Next, start with spin-up electrons and do the measurement along the horizontal axis.  Since the horizontal axis is perpendicular to the applied magnetic field, classical physics predicts no horizonal deflection, so the measurement should yield no spin-left and no spin-right electrons.  Instead, an equal number of spin-left and spin-right electrons are observed.

This behavior persists even for a single electron; if the electron is prepared with spin-up, and the experiment is repeated many times, half the time spin-left is observed and the other half, spin-right.  To summarize, a spin-up electron always remains spin-up and a spin-down electron always remains spin-down when its vertical spin is measured.  Similarly, a spin-left electron always remains spin-left and spin-right remains spin-right with a horizontal measurement.  However, when the electron is prepared to have a definite spin along a particular axis, a measurement perpendicular to that axis finds opposite spins with equal probability.  This puzzling behavior runs counter to common experience, making one imagine an experimentalist banging on the apparatus to make sure it is working properly.

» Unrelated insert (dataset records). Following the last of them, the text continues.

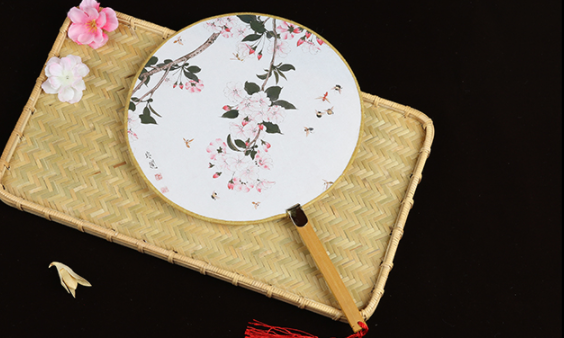 六款圖案女式團扇，古風工藝漢服古典扇子圖片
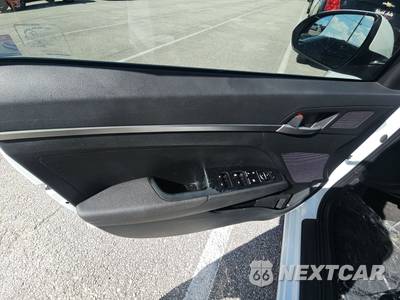 2019 Hyundai Elantra SE Sedan - zdjęcie 9 z 28 - miniatura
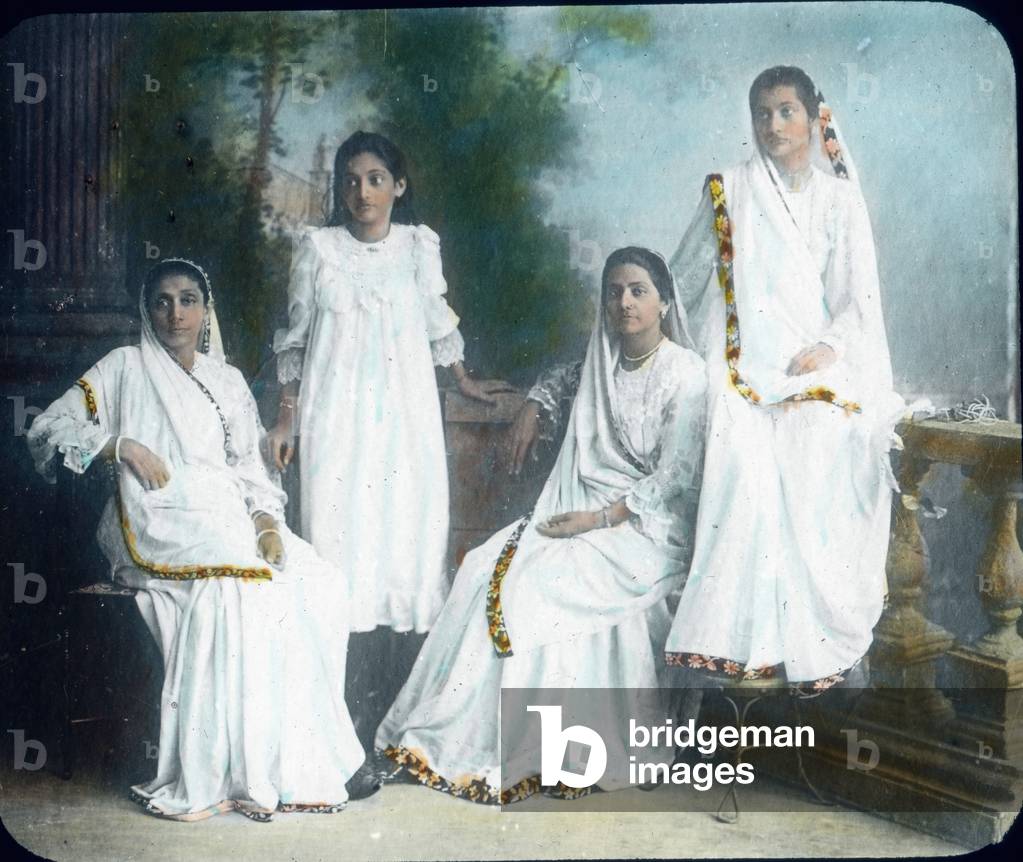 India, portrait of Parsee mother with her daughters. The Parsee are members of a Zoroastrian religious sect in India. image date: circa. 1910. Carl Simon Archive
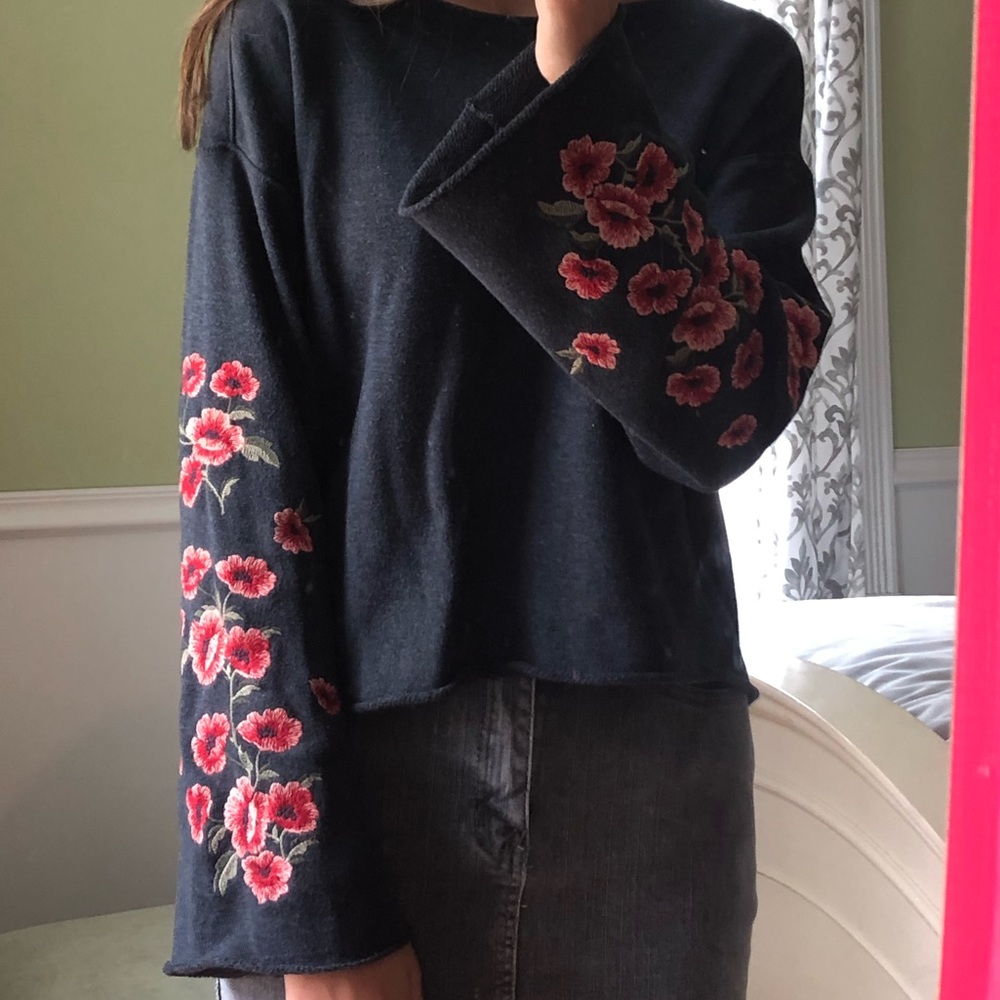 American Eagle grey sweater with flower stitching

These same results have been found by many researchers, including students of physics like me 35 years ago.  Quantum mechanics, like all science, is based on controlled experiments.  Students are expected to question everything and to do the experiments to "see" for themselves.  This instills a healthy skepticism and builds an appreciation of the indispensability of measurement.  Most importantly, the scientific method fights our natural tendency for making conclusions based on subjective evidence.

Getting back to Stern and Gerlach, their results left physicists with a bizarre puzzle.  When there are many electrons, one can argue that when preparing them to have spin-up, we are inadvertently making half of them spin-left and half of them spin-right.  But when we prepare a single spin-up electron we know through experimentation that it always remains spin-up.  So, how can it be measured to be spin-left or spin-right?  The only resolution is that a spin-up electron, though it is a single particle, is composed of an equal proportion of spin-left-ness and spin-right-ness; and, this mixture of properties is hidden until a measurement is performed.  This explanation was proposed by Niels Bohr and is the most popular paradigm in use by contemporary physicists. The Copenhagen interpretation, as it is called, leaves physicists uncomfortable, but it is used because it makes accurate predictions of the way nature behaves.

The notion of a definitive electron has to be abandoned in lieu of what is called the state vector -- a probabilistic object from which any material parameter can be determined using simple rules.  The twist is that the state vector is represented in terms of the amount of this-ness or that-ness with respect to a measurement axis.  For example, if the spin is measured along the vertical axis to have spin-up, it will remain so provided that subsequent measurements are performed along the vertical axis.  In this case, the state vector is made of two parts: a spin-up part which is assigned a probability of 1 and a spin-down assigned a probability of zero.

To measure the spin in the horizontal direction, the coordinate axes must be rotated to represent the state vector in terms of left- and right-spin probabilities, which yields a state vector with a spin-left part of 1/2 and a spin-right part of 1/2.  (More precisely, the square of the state vector gives probabilities, but we will ignore this fact to keep our arguments simple.) This is no stranger than width becoming height and height becoming width when we rotate an object by 90 degrees.  A measurement of the horizontal electron spin, if repeated over and over again for an electron that is prepared to be in the spin-up state will yield an equal number of left- and right-spins.  Thus, on average, the spin is zero -- as predicted by classical physics; but, the probabilistic picture must be used when predicting the observation of a single electron.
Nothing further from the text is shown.